After years of delay, the IRS has issued new proposed regulations regarding the deductibility of fiduciary fees under Section 67(e). Banks and trustees may need to reorganize how they do business in order to facilitate compliance with upcoming requirements.

As a general rule, estates and non-grantor trusts may claim miscellaneous itemized deductions only to the extent they exceed two percent of the entity’s adjusted gross income. An exception provides that costs are deductible in full if (1) they are paid or incurred in connection with the administration of an estate or trust and (2) they would not have been incurred if the property were not held in such estate or trust.

An area of uncertainty has arisen due to the fact that many fiduciaries charge bundled fees for their services. A bundled fiduciary fee is a unitary charge for a package of services, including investment advisory costs, trustee commissions, and tax return preparation fees. If itemized separately, some of these fees would be fully deductible under the exception, while others would be subject to the two-percent floor.

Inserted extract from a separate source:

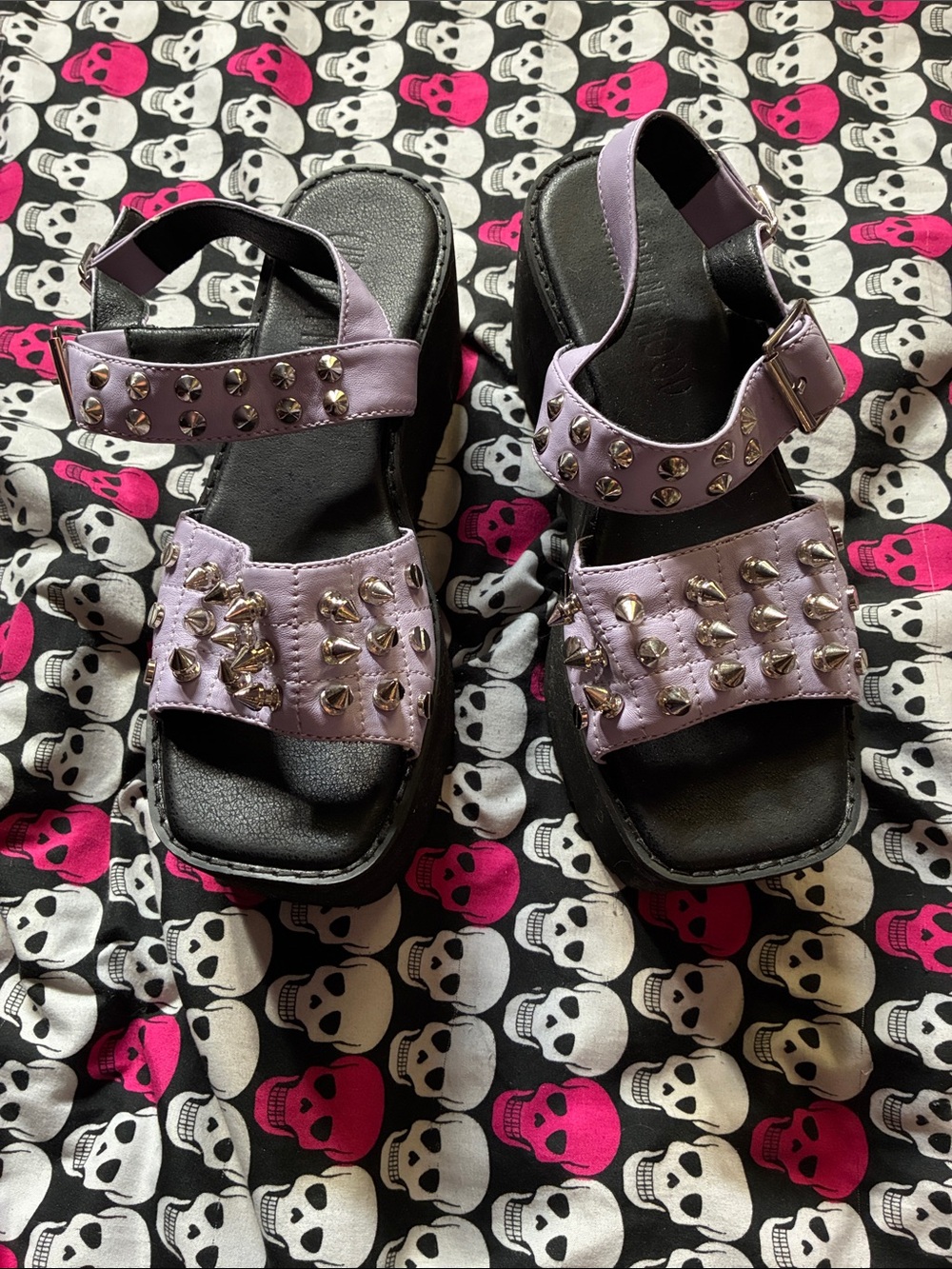 Lavender platform spiked sandals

In 2008, the Supreme Court in Knight v. Commissioner held that, as a general rule, investment advisory fees incurred by an estate or trust are subject to the two-percent floor. The Court did not address whether tax preparers are required to disaggregate bundled fiduciary fees to isolate the portion attributable to investment advice. In response to concerns that unbundling fees would cause significant administrative hardship, the IRS has issued temporary interim guidance each year since 2008 that permits bundled fees to be deducted in full, pending final regulations.

On September 7, 2011, the IRS issued proposed regulations that will require return preparers to allocate bundled fiduciary charges between fees that are deductible in full and fees that are subject to the two-percent floor. Consistent with the Knight decision, the portion of a bundled fee attributable to investment advisory fees will be subject to the two-percent floor. Only incremental costs attributable to an unusual investment objective of the trust or estate will remain fully deductible.

Bundled fees not computed on an hourly basis will remain fully deductible other than the portion that is allocable to investment advisory fees. In general, any reasonable method may be used to unbundle a fiduciary fee.

A public hearing on the proposed rulemaking is scheduled for December 19, 2011. Comments are currently requested regarding the clarity of the rules and how they can be made easier to understand. Specifically, the IRS and the Treasury seek methodologies to estimate the portion of a bundled fee that is attributable to investment advice. Affected practitioners are encouraged to voice their opinions and concerns.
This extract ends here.